Nothing but the pictures should be left out when you copy the records exactly.
BEGIN Records for processing
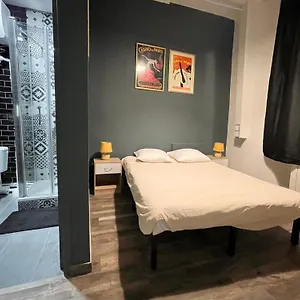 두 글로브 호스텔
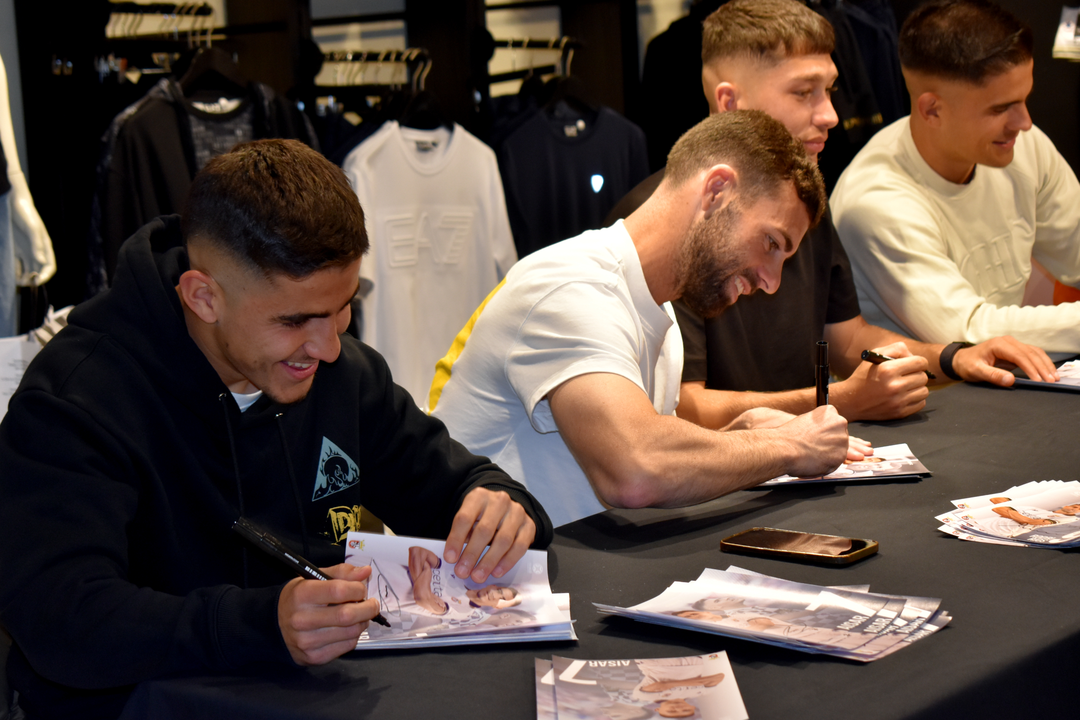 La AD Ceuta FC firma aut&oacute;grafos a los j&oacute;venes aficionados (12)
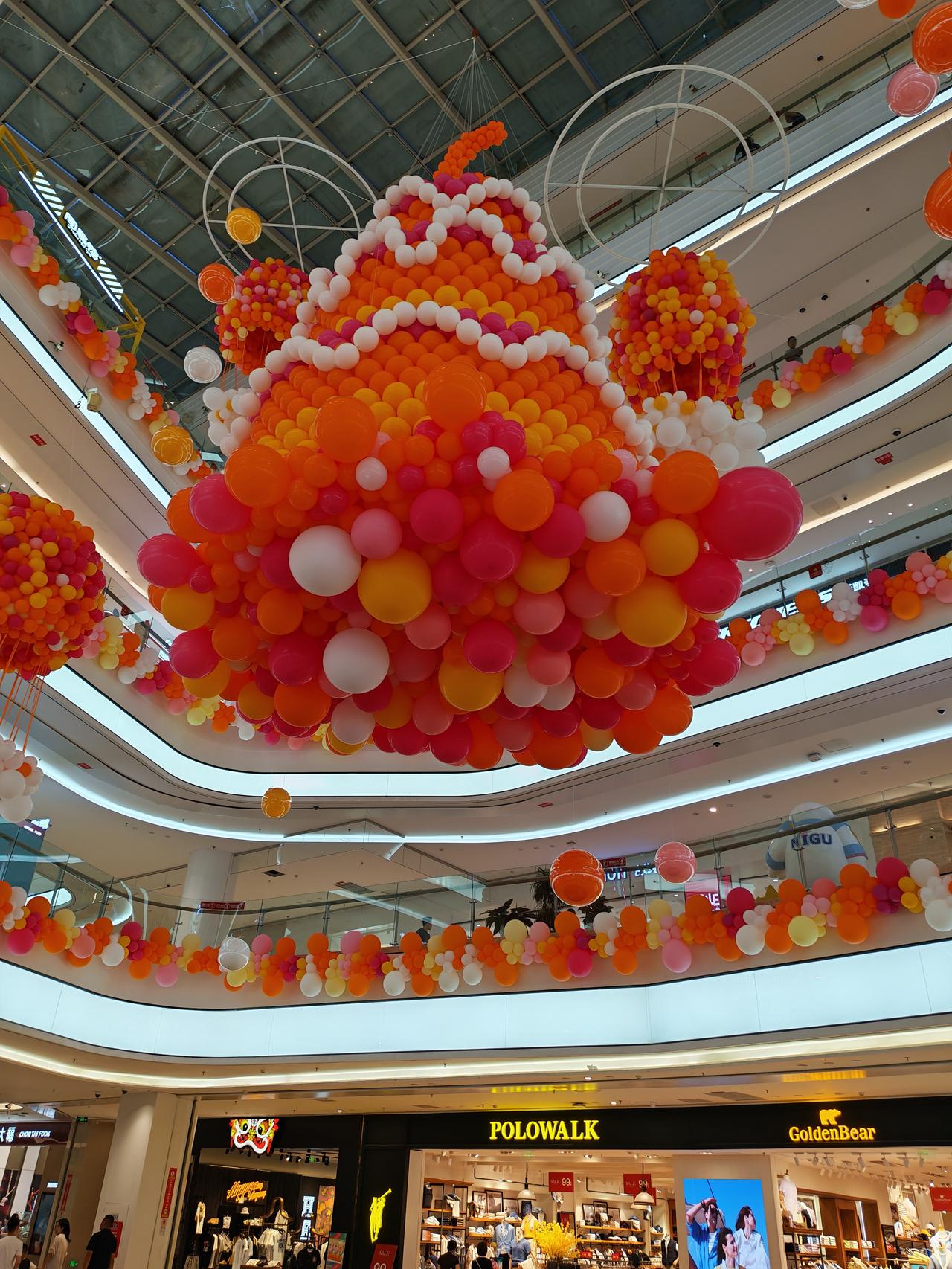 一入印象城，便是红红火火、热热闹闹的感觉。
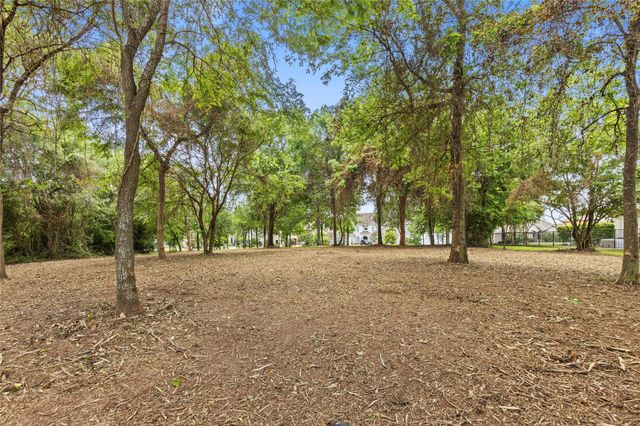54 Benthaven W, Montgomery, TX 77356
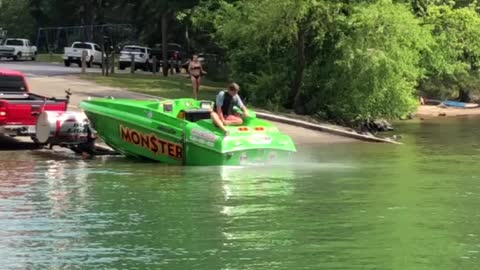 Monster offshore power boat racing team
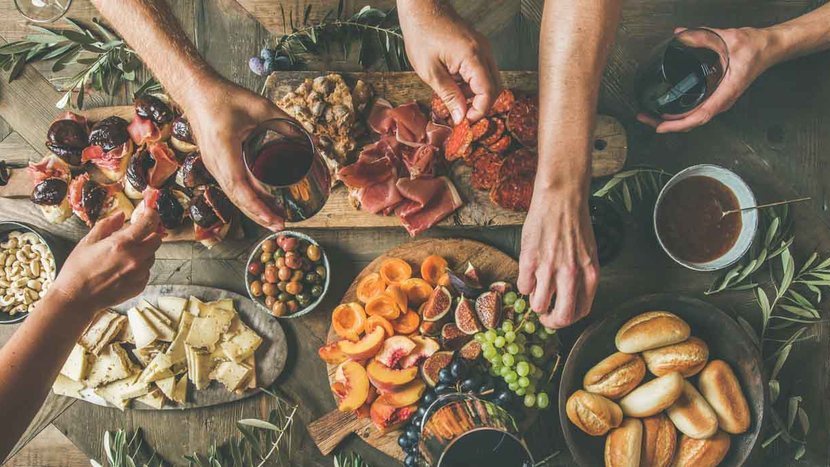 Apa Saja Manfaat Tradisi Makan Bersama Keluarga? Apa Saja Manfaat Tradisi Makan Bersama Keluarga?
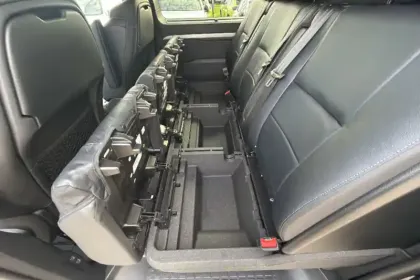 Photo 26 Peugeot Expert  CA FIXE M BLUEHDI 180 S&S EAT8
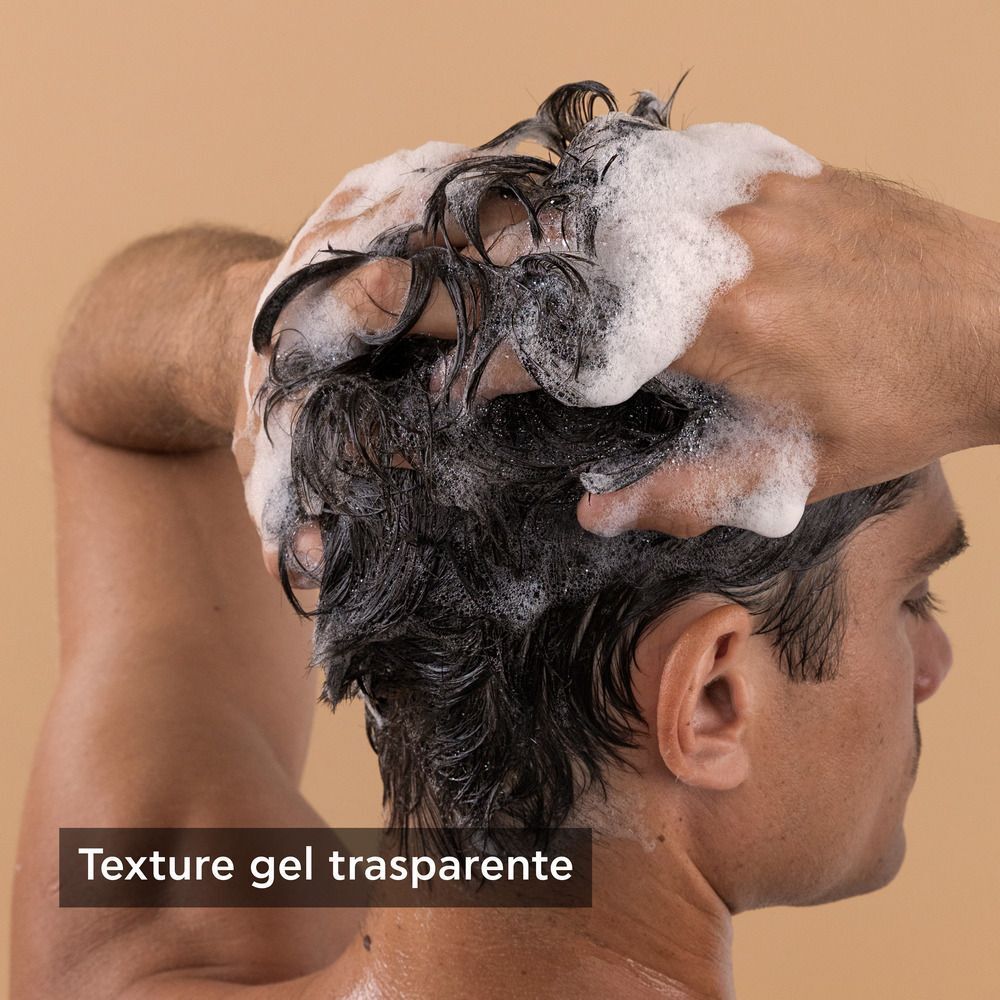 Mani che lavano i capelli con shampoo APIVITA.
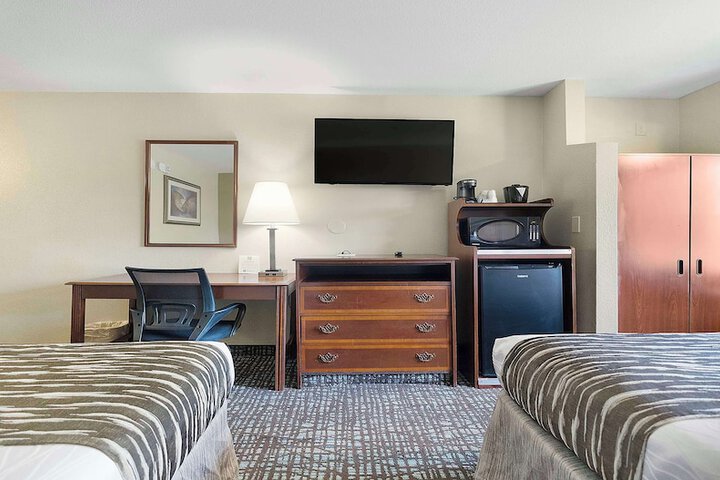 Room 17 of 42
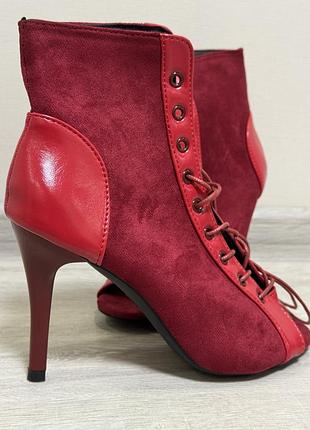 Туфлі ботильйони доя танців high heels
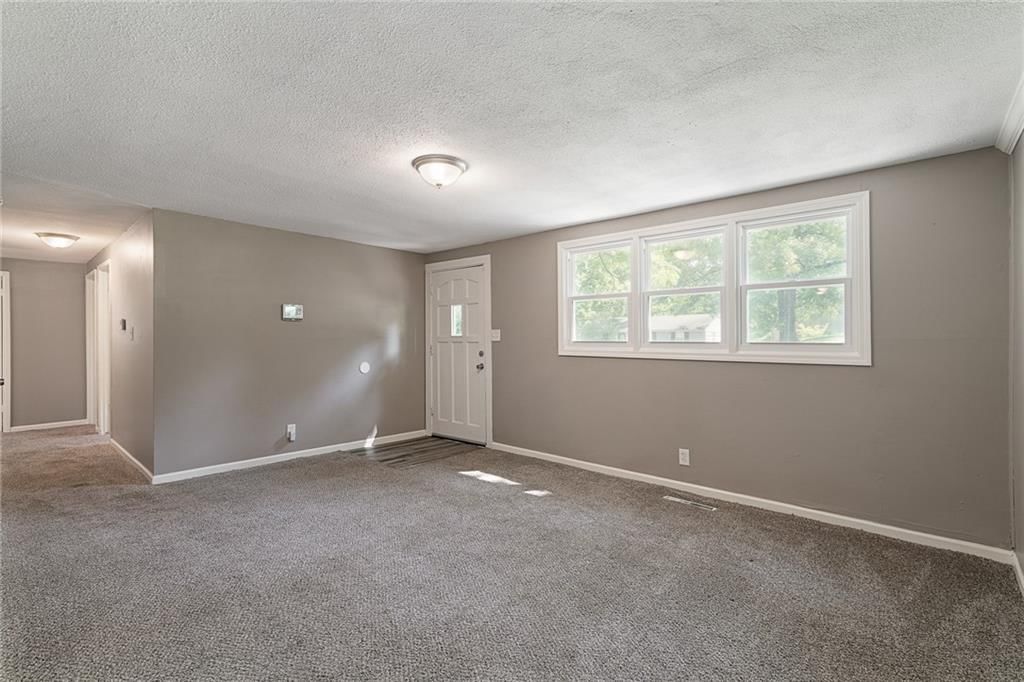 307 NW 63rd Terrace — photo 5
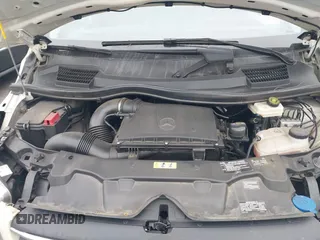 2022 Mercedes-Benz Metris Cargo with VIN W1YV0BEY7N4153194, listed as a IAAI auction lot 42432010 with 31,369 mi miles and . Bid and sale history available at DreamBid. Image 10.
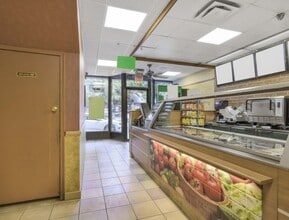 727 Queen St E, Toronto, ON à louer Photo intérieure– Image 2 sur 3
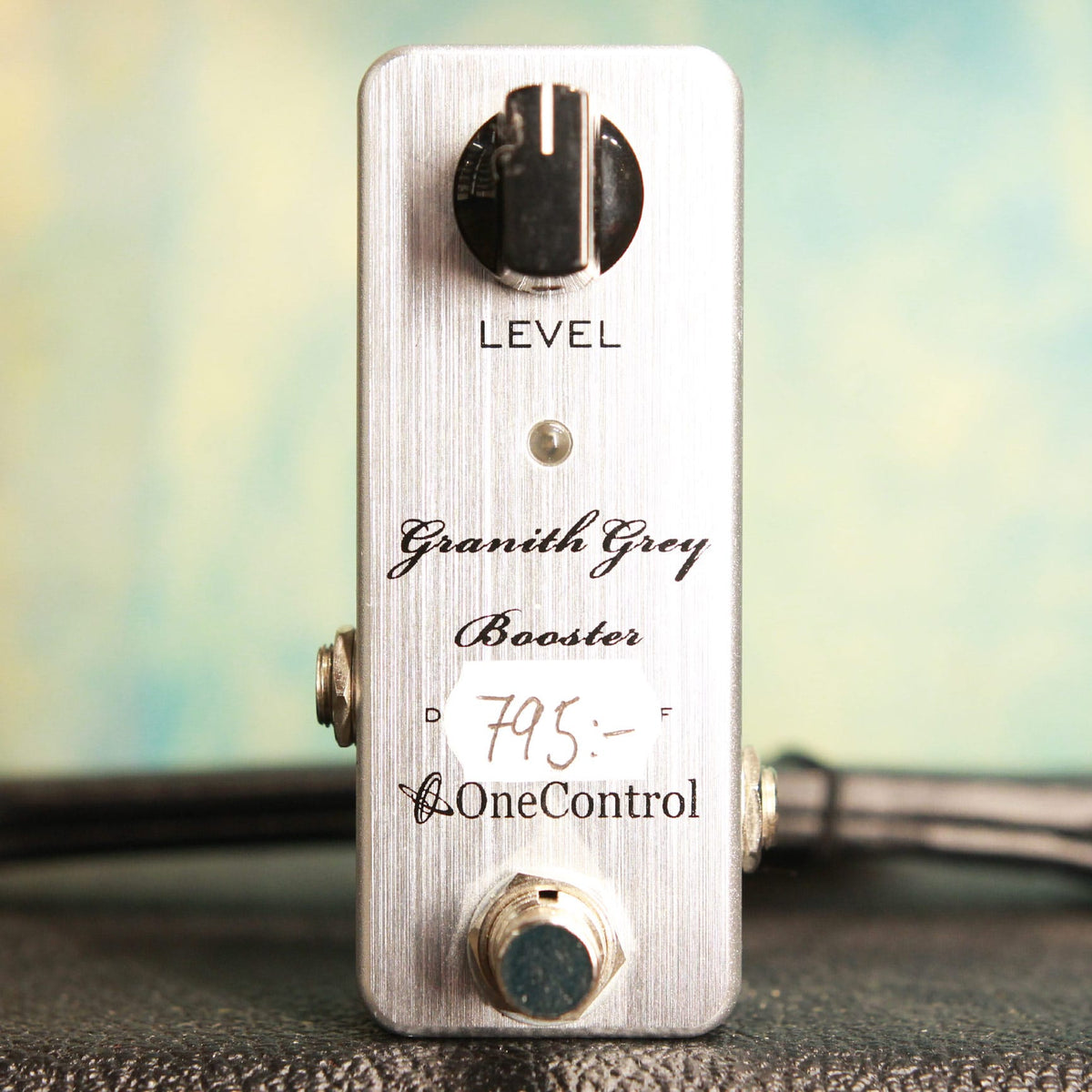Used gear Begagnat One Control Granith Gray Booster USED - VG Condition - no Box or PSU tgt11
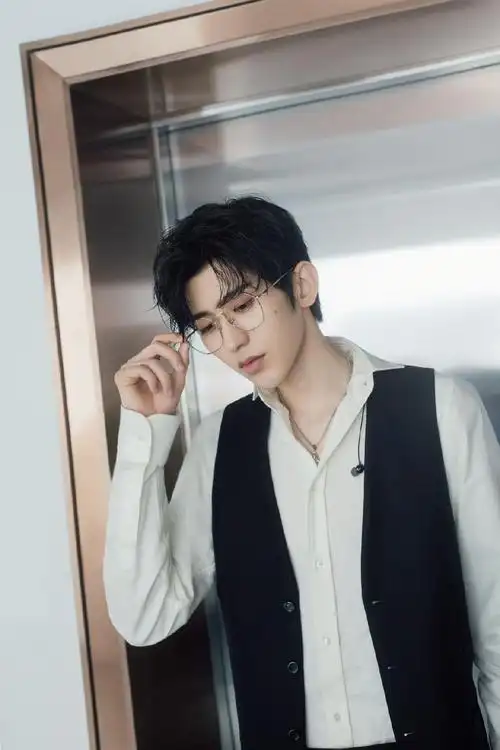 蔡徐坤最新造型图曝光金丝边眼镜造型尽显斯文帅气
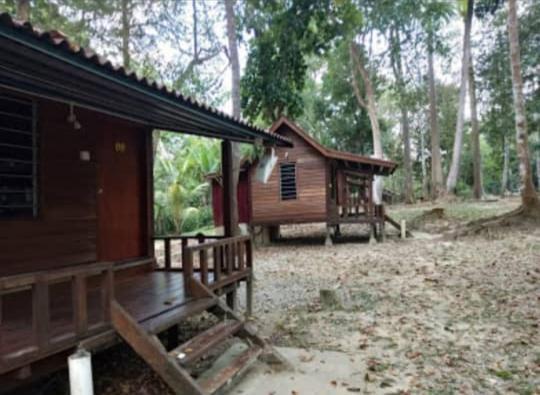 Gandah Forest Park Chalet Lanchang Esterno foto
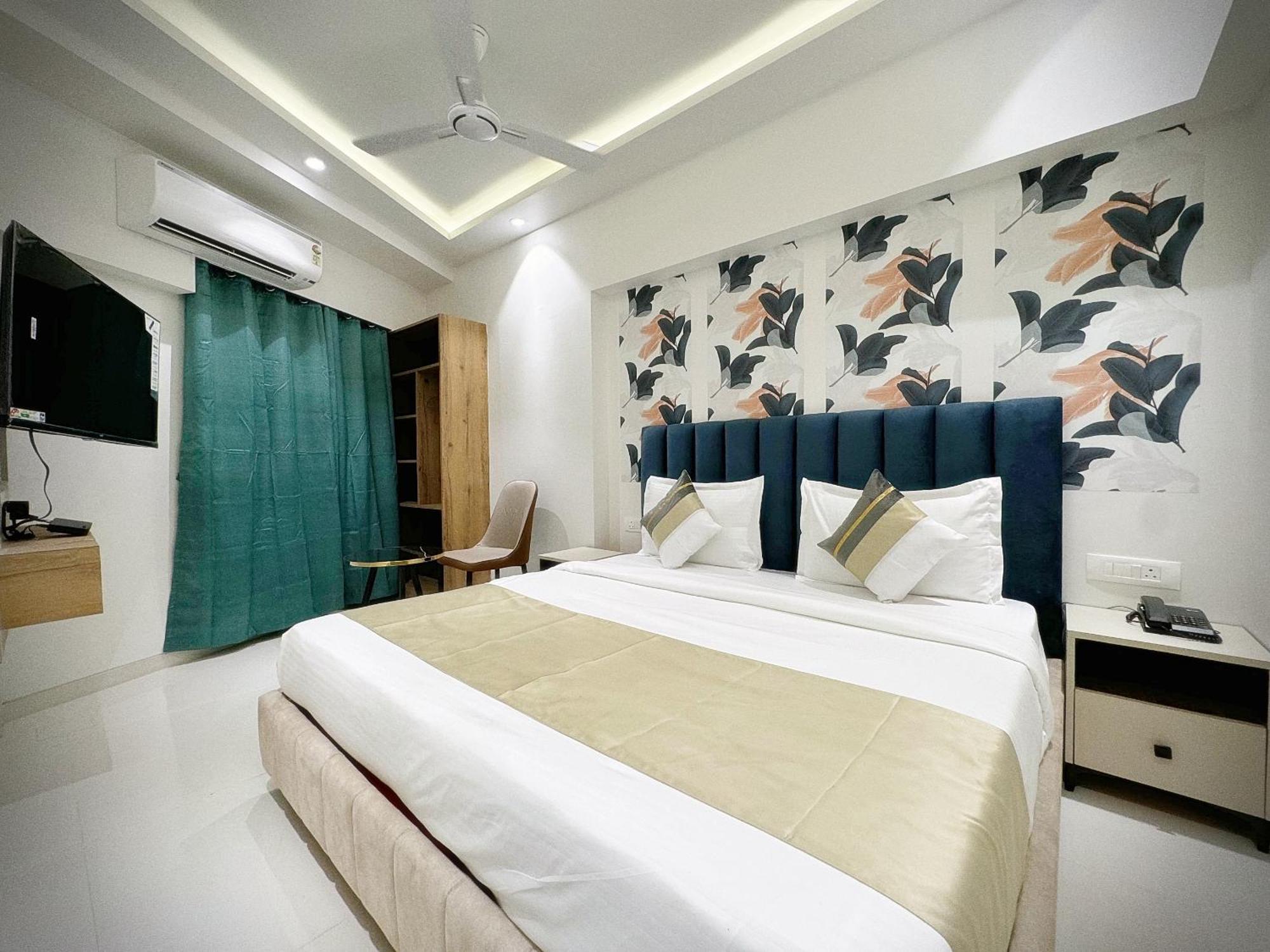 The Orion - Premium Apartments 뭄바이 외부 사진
END Records for processing
• Written answer:
 두 글로브 호스텔
 La AD Ceuta FC firma aut&oacute;grafos a los j&oacute;venes aficionados (12)
 一入印象城，便是红红火火、热热闹闹的感觉。
54 Benthaven W, Montgomery, TX 77356
 Monster offshore power boat racing team
 Apa Saja Manfaat Tradisi Makan Bersama Keluarga? Apa Saja Manfaat Tradisi Makan Bersama Keluarga?
 Photo 26 Peugeot Expert  CA FIXE M BLUEHDI 180 S&S EAT8
 Mani che lavano i capelli con shampoo APIVITA.
 Room 17 of 42
 Туфлі ботильйони доя танців high heels
 307 NW 63rd Terrace — photo 5
 2022 Mercedes-Benz Metris Cargo with VIN W1YV0BEY7N4153194, listed as a IAAI auction lot 42432010 with 31,369 mi miles and . Bid and sale history available at DreamBid. Image 10.
 727 Queen St E, Toronto, ON à louer Photo intérieure– Image 2 sur 3
Used gear Begagnat One Control Granith Gray Booster USED - VG Condition - no Box or PSU tgt11
 蔡徐坤最新造型图曝光金丝边眼镜造型尽显斯文帅气
 Gandah Forest Park Chalet Lanchang Esterno foto
 The Orion - Premium Apartments 뭄바이 외부 사진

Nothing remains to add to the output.